Rev Cubana Pediatr vol.83 no.4 Ciudad de la Habana oct.-dic. 2011

 

PRESENTACIÓN DE CASO

 

Proteinosis alveolar pulmonar

 

Pulmonary alveolar proteinosis

 

 

Concepción Sánchez Infante,I Anixia Serrano Sánchez,II Roberto Razón Behar,III Cristina Reyes LópezIV

IEspecialista de I Grado en Pediatría y Medicina General Integral. Diplomada en Terapia Intensiva Pediátrica. Hospital Pediátrico Universitario "William Soler". La Habana, Cuba.
IIEspecialista en I Grado en Anatomía Patológica. Hospital Pediátrico Universitario "William Soler". La Habana, Cuba.
IIIEspecialista de II Grado en Pediatría. Profesor Titular y Consultante. Hospital Pediátrico Universitario "William Soler". La Habana, Cuba.
IVEspecialista I Grado en Pediatría. Máster en Atención Integral al Niño. Hospital Pediátrico Universitario "William Soler". La Habana, Cuba.


RESUMEN

La proteinosis alveolar pulmonar es una enfermedad respiratoria crónica, caracterizada por alteración en el metabolismo del surfactante, lo que determina su acumulación anormal en el espacio alveolar.

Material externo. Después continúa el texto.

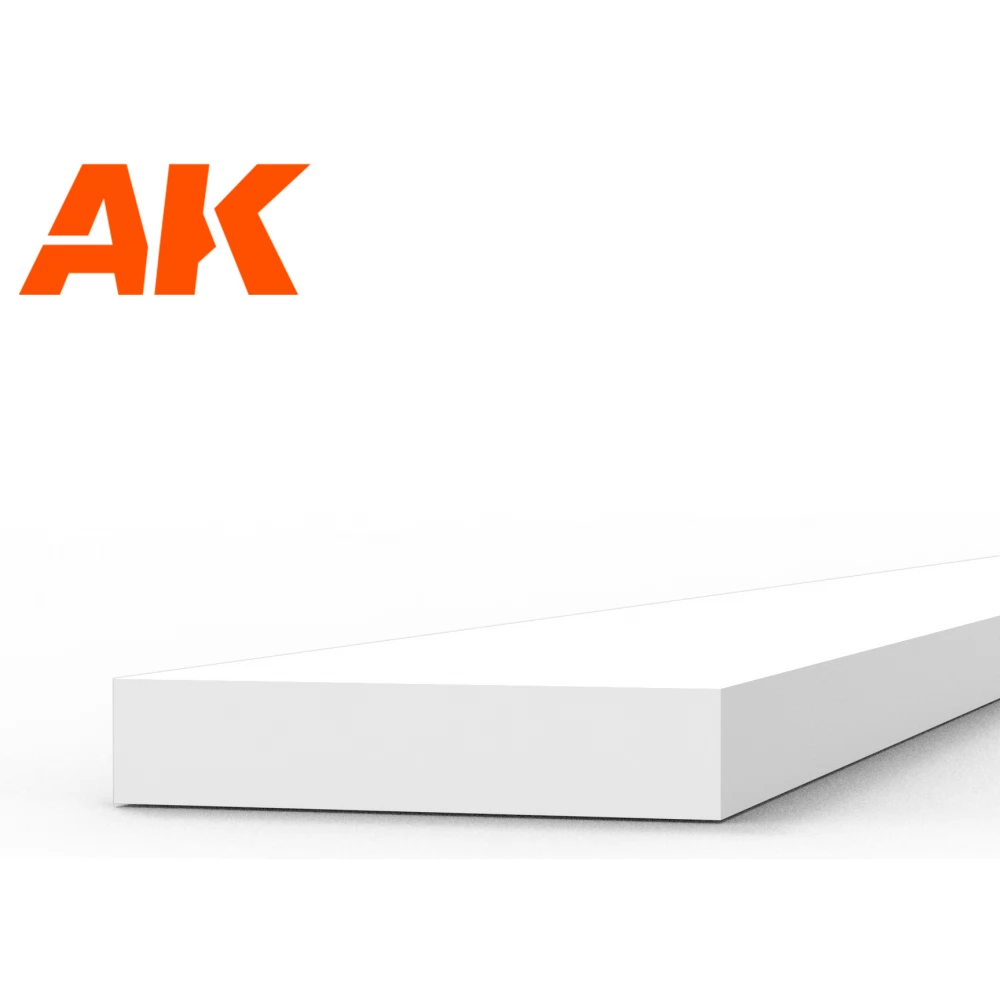 AK INTERACTIVE Modeling Styrene Rod fehér szivacs szalag 1x5x350mm 10 darabos szett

Es una enfermedad extremadamente rara. Se han reportado solamente 500 casos en la literatura. Se describió por primera vez en 1958. Se presenta un caso de proteinosis alveolar pulmonar en un lactante de 2 meses, con desnutrición proteico energética, que ingresa por dificultad respiratoria e hipoxemia, y, con imágenes radiológicas de tipo retículo-nodulillar, en vidrio deslustrado, en el cual se plantea inicialmente el diagnóstico de bronconeumonía. Ante la evolución desfavorable y no respuesta al tratamiento, se realizó un estudio para descartar enfermedades pulmonares crónicas. El paciente fallece y se confirma el diagnóstico por anatomía patológica. Se realiza una revisión del tema.

Palabras clave: proteinosis alveolar pulmonar, PAP, bronconeumonía.


ABSTRACT

The pulmonary alveolar proteinosis is a chronic respiratory disease characterized by surfactant metabolism alteration determining its abnormal accumulation in the alveolar space. It is a disease very rare and in literature only 500 cases have been reported; it was described for the first time in 1958. This is a case presentation of pulmonary alveolar proteinosis in an infant aged 2 months with energetic protein malnutrition admitted due to respiratory difficulty and hypoxemia and with radiologic images of the reticulonodulillary, in frosting glass, where initially is made the diagnosis of bronchopneumonia. In the face of unfavorable evolution and no response to treatment, a study was conducted to rule out chronic pulmonary diseases. Patient died confirming the diagnosis according to the pathologic anatomy. A review on subject is carried out.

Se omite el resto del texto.